Thanks for the detailed reply @ayushr2! Though I'm a bit out of my depth here, your guidance has been very helpful. I'm trying to better understand the differences for GKE; could you please point me to where the container spec/sandbox is defined? I'm not sure if it's possible to try to port that configuration over to Amazon Linux or if I should just try to add the feature directly to the gVisor code you pointed me to.
I've tried very naively to add the following snipped to runsc/boot/vfs.go:createDeviceFiles:
mode := os.FileMode(int(0777))
info.spec.Linux.Devices = append(info.spec.Linux.Devices, []specs.LinuxDevice{
{
Path: "/dev/nvidia0",
Type: "c",
Major: 195,
Minor: 0,
FileMode: &mode,
},
{
Path: "/dev/nvidia-modeset",
Type: "c",
Major: 195,
Minor: 254,
FileMode: &mode,
},
{
Path: "/dev/nvidia-uvm",
Type: "c",
Major: 245,
Minor: 0,
FileMode: &mode,
},
{
Path: "/dev/nvidia-uvm-tools",
Type: "c",
Major: 245,
Minor: 1,
FileMode: &mode,
},
}...)
in order to try to mount the devices during runtime, but seems like even this isn't enough
You probably also want /dev/nvidiactl. You basically want to call this. Usually that is only called for --nvproxy-docker. JUST FOR TESTING try adding a new flag --nvproxy-k8s and change the condition on line 1221 to be if info.conf.NVProxyDocker || info.conf.NVProxyK8s { ...
Also note that the minor number of /dev/nvidia-uvm is different inside the sandbox. So just copying from host won't work.
Yeah, from reading the code and looking at the logs seems like gVisor automatically assigns a minor number to the device. Unfortunately your suggestion still didn't work. I'll leave the logs for the container in case you (or anyone that comes across this issue) want to use it for debugging (note that I had already added a nvproxy-automount-dev flag for the same purpose you suggested using nvproxy-k8s)
runsc.tar.gz
Got it, thanks for working with me on this.

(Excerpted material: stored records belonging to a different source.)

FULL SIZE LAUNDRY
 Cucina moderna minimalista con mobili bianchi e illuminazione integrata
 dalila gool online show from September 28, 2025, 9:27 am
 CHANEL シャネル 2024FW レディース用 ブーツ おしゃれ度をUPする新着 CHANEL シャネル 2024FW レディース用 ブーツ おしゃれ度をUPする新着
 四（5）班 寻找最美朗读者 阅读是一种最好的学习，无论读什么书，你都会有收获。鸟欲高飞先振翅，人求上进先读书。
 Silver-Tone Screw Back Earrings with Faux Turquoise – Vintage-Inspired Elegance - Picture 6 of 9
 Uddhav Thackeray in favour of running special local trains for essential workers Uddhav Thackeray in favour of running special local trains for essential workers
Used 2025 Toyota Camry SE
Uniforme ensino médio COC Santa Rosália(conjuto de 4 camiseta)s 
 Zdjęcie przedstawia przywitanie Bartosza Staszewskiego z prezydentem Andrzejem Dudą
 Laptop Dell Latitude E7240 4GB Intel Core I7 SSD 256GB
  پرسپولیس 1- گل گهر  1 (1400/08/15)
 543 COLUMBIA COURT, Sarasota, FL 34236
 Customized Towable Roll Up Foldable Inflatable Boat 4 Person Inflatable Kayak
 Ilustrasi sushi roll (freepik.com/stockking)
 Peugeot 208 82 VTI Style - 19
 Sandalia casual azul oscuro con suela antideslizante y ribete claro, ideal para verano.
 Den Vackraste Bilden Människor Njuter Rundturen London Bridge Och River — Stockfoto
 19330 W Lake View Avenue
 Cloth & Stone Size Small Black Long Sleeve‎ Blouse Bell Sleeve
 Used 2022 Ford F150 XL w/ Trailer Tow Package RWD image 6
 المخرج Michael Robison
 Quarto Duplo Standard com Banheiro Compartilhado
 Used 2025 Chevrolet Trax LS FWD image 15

Just to set the expectations, adding support for k8s-device-plugin is currently not on our roadmap. We are focused on maturing GPU support in GKE first. OSS contributions for GPU support in additional environments is appreciated in the meantime!
No worries! In the meantime, we don't have a strict requirement for having NVIDIA working with gVisor so we can get around it. I'd love to help bringing in this feature but it would still need to get more familiarized with gVisor, but I'll help in any way I can!
A friendly reminder that this issue had no activity for 120 days.
@PedroRibeiro95 Have you done any new researches on this? I was doing some researches on this and it looks like it should be working with following configurations:
k8s-device-plugin does have a config called DEVICE_LIST_STRATEGY, which does allow device list to be returned back as CDI. Once kubelet receive allocate response from device plugin, then it should populate CDI spec file, and start containerd ( assuming we are just using containerd ). Then the containerd will parse CDI devices and convert device to oci spec file and pass the spec to runs or runsc. Then runsc should just create linux devices here as @ayushr2 just described. (I am assuming in this case nvidia-runtime is not needed since we don't need prestart hook?)
I never tested anything, everything mentioned above is just pure guess from me, but let me know if my reasoning makes sense or not.
Hey @sfc-gh-hyu, thanks for the detailed instructions. I haven't revisited this in the meantime as other priorities came up, but I will be testing it again very soon. I will try to follow what you suggested and I will report back with more details.